[Image-caption web data]
——
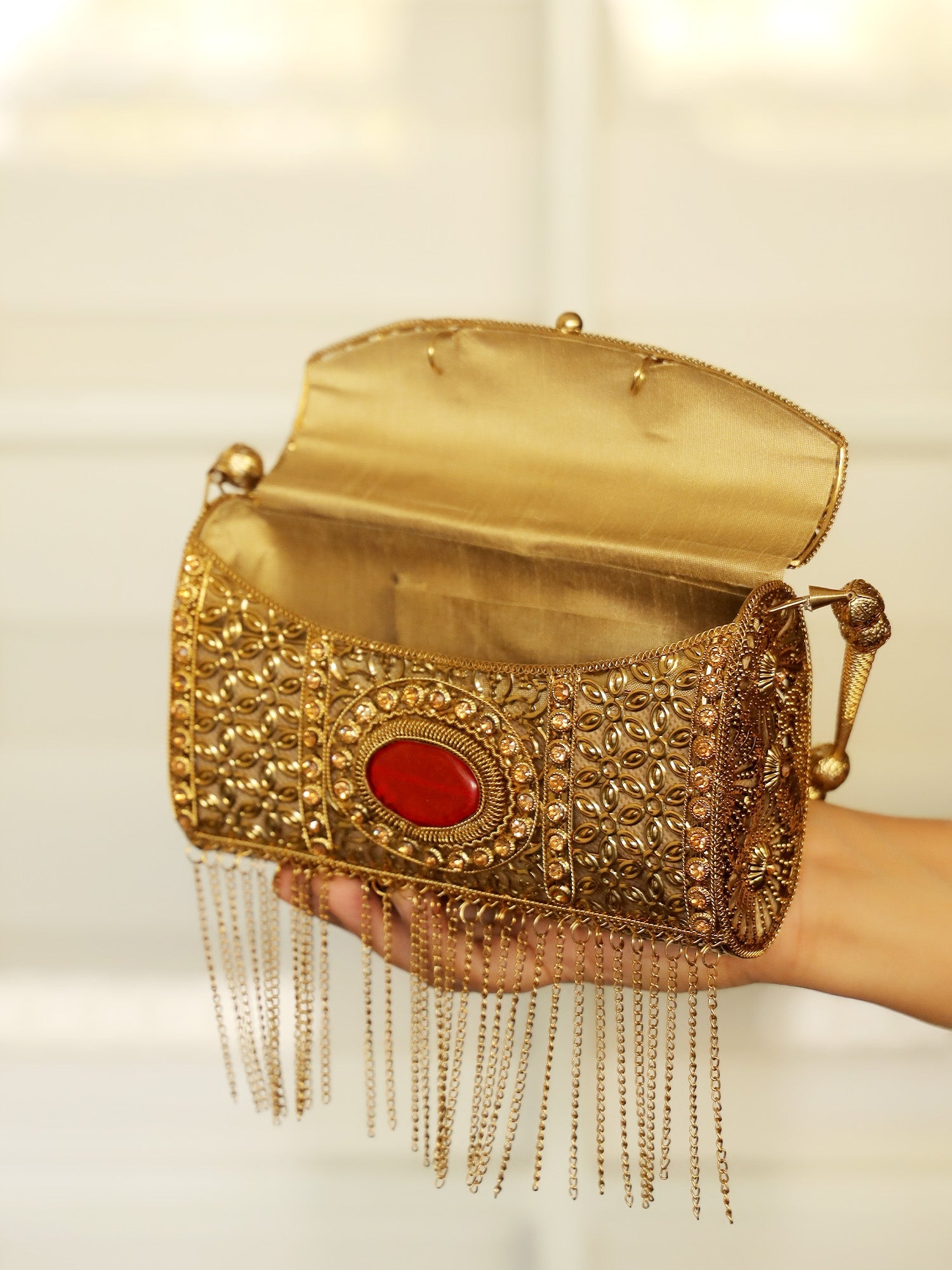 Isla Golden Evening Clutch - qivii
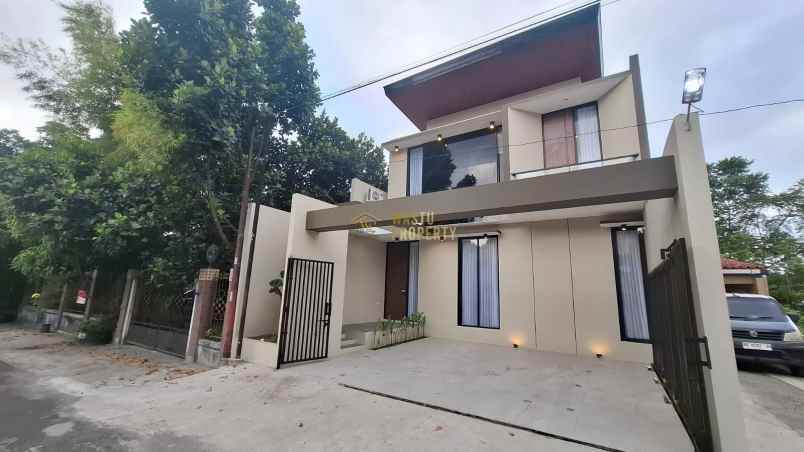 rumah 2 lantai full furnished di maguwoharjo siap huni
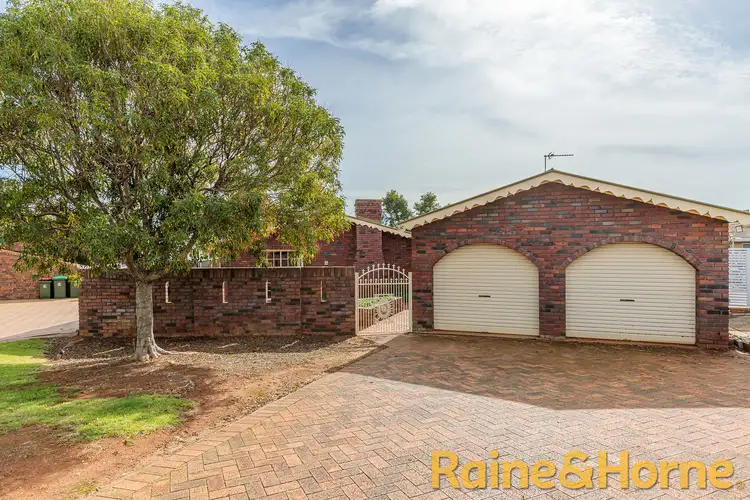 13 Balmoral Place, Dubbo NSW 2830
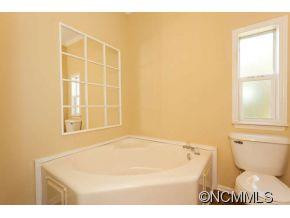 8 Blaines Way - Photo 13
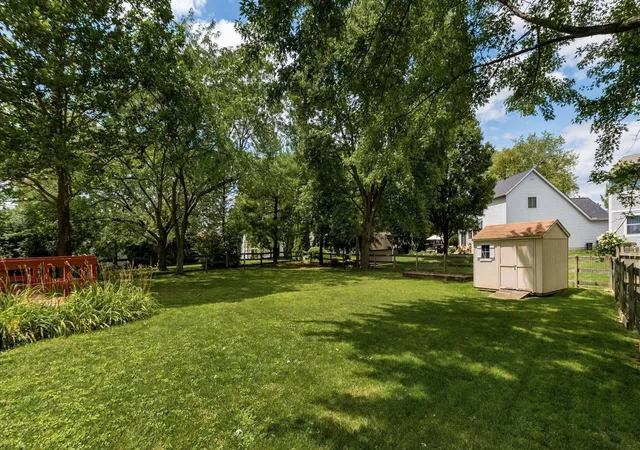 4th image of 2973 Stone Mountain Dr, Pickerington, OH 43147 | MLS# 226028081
——
**Description of the task**
Repeat the data above word for word, without pictures.

**Output of the exercise**
 Isla Golden Evening Clutch - qivii
 rumah 2 lantai full furnished di maguwoharjo siap huni
 13 Balmoral Place, Dubbo NSW 2830
 8 Blaines Way - Photo 13
 4th image of 2973 Stone Mountain Dr, Pickerington, OH 43147 | MLS# 226028081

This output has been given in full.